The exhibition titled ‘Peacock in the Desert:The Royal Arts of Jodhpur, India’ has been organised by the Museum of Fine Arts, Houston (MFAH) in partnership with the Mehrangarh Museum Trust of Jodhpur.

lifestyle Updated: Mar 05, 2018 14:41 IST
Press Trust of India
Press Trust of India
Press Trust of India
Houston museum,Peacock in the Desert,Jodhpur
Museum of Fine Arts, Houston (MFAH)(Shutterstock)

A treasure trove from India’s Rathore dynasty in Rajasthan, which includes exquisitely crafted arms and armour, jewels and intricately carved furnishings amassed over the centuries, was put on display at an exhibition here.

The exhibition titled ‘Peacock in the Desert: The Royal Arts of Jodhpur, India’, organised by the Museum of Fine Arts, Houston (MFAH) in partnership with the Mehrangarh Museum Trust of Jodhpur, will be open to the public till August 12 before travelling to Seattle in the fall and then Toronto.

Through lavishly made ceremonial objects, finely crafted arms and armour, sumptuous jewels, intricately carved furnishings and more, the exhibition outlines the dynamic history of the Marwar-Jodhpur region and the Rathore dynasty that ruled it for over seven centuries.

Most of the 300 exquisitely detailed objects have never left India before. Many are signature possessions of the Mehrangarh Museum Trust, established in the early 1970s by His Highness GajSingh II, the current Maharaja of Marwar-Jodhpur, to protect treasures his ancestors commissioned from the 17th to the early-20th centuries.

Grand paintings, jewellery, weapons, devotional objects, room settings and vehicles, including a 1927 Rolls Royce Phantom and a 1940’s Stinson LF Sentinal airplane are arrayed across five galleries of the museum.

Digital renderings of palace walls and large projections enhance the viewing experience.
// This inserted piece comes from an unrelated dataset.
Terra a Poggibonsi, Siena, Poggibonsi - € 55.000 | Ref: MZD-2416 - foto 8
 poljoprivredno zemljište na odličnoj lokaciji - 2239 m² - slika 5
The landmark show brings nearly four centuries’ worth of treasures from Jodhpur, India, to light, exploring the patronage of a single royal Indian house in depth for the first time.

The unique exhibits from Indian courtly life illuminate how the Rathores acquired and commissioned objects amidst cross-cultural exchanges to leverage patronage, diplomacy, matrimonial alliances, trade, and conquest.
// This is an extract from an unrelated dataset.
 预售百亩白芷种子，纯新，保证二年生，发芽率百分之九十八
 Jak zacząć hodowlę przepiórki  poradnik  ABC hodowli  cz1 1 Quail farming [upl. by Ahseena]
Drawn primarily from the collections of the Mehrangarh Museum Trust and the private collections of the royal family of Jodhpur, the exhibition gives a rare peek into the riches of the maharajas and maharanis of the Rathore Dynasty. It is the first time these treasures have left their repository in India - a palace dating to 1459, now preserved by the Mehrangarh Museum Trust, which made the US tour possible.
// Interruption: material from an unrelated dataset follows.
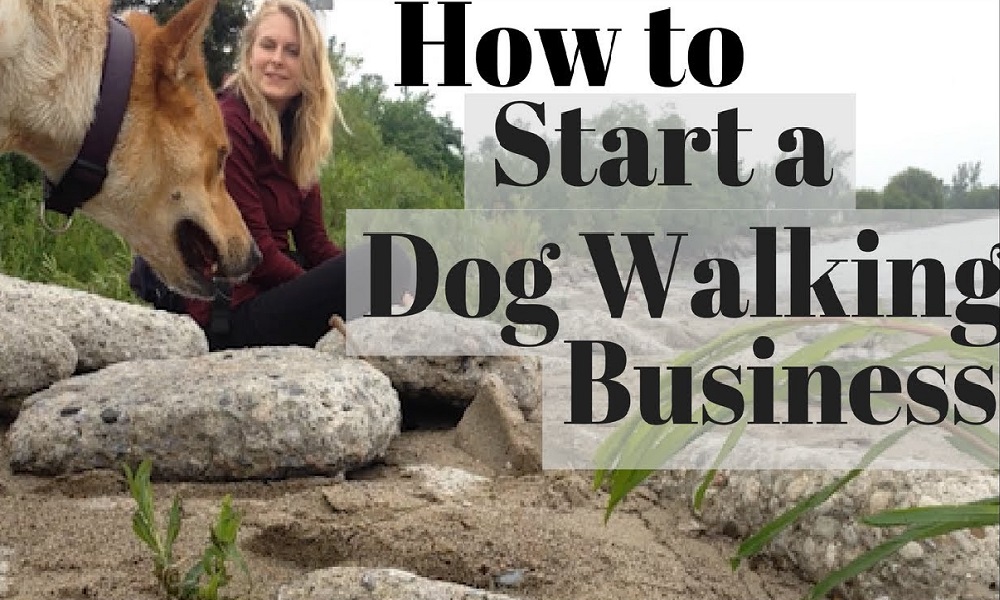 How to Start Dog Walking Business Uk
“This is an opportunity to connect your children and grandchildren to their heritage,” Consul General of India Anupam Ray told Indian Americans here.

“There is no better way of engaging them to what is good, exciting and magical in India’s heritage.”

Gary Tinterow, MFAH director, SAID: “We are deeply honoured and grateful to be the first U.S. organization to present this show, and for the opportunity to provide visitors this unprecedented experience of India’s rich cultural history.”

The Rathores ruled one of the largest princely states in India for more than seven centuries, and their jaw-dropping wealth did not go unnoticed by other empires who eventually ruled India -- the Mughals and the British.

Visitors will learn more about the Rathore clan and its history, view a model of the Mehrangarh Fort, turbans worn by the desert community, and imagine royal life through pages of illuminated manuscripts.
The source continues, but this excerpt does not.